Source material -
....................

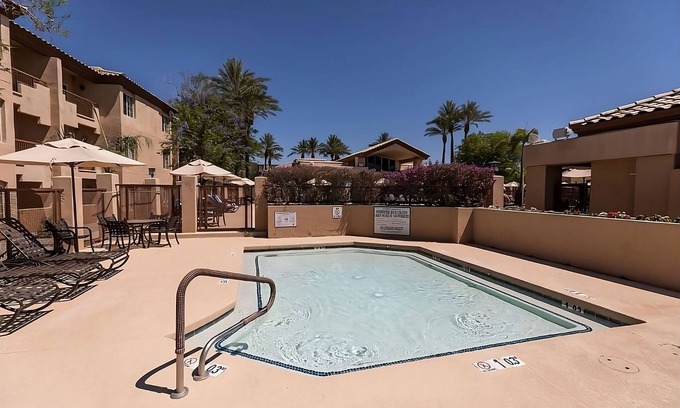 North Scottsdale Hotel | Ideal Mix of Comfort and Value! Swimming Pool, Full Kitchen, Free Parking!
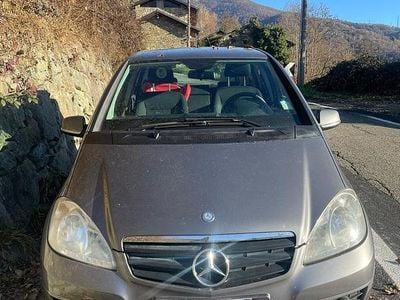Begagnad Mercedes A160 95 HK (69 kW) 2010 Grå Sedan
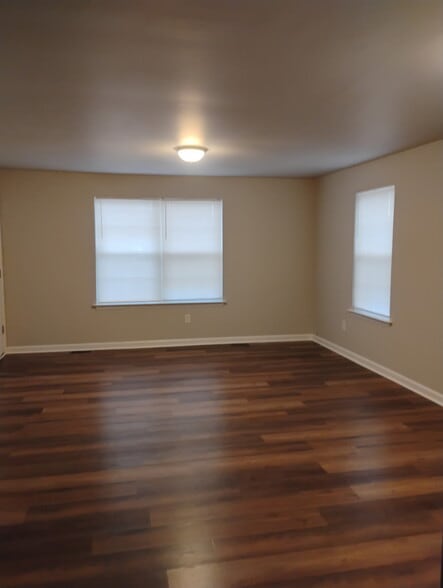 Building Photo - 226 Elmwood Ave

....................

What the task asks -
Restate the listing word for word and drop the pictures.

Completed exercise -
 North Scottsdale Hotel | Ideal Mix of Comfort and Value! Swimming Pool, Full Kitchen, Free Parking!
Begagnad Mercedes A160 95 HK (69 kW) 2010 Grå Sedan
 Building Photo - 226 Elmwood Ave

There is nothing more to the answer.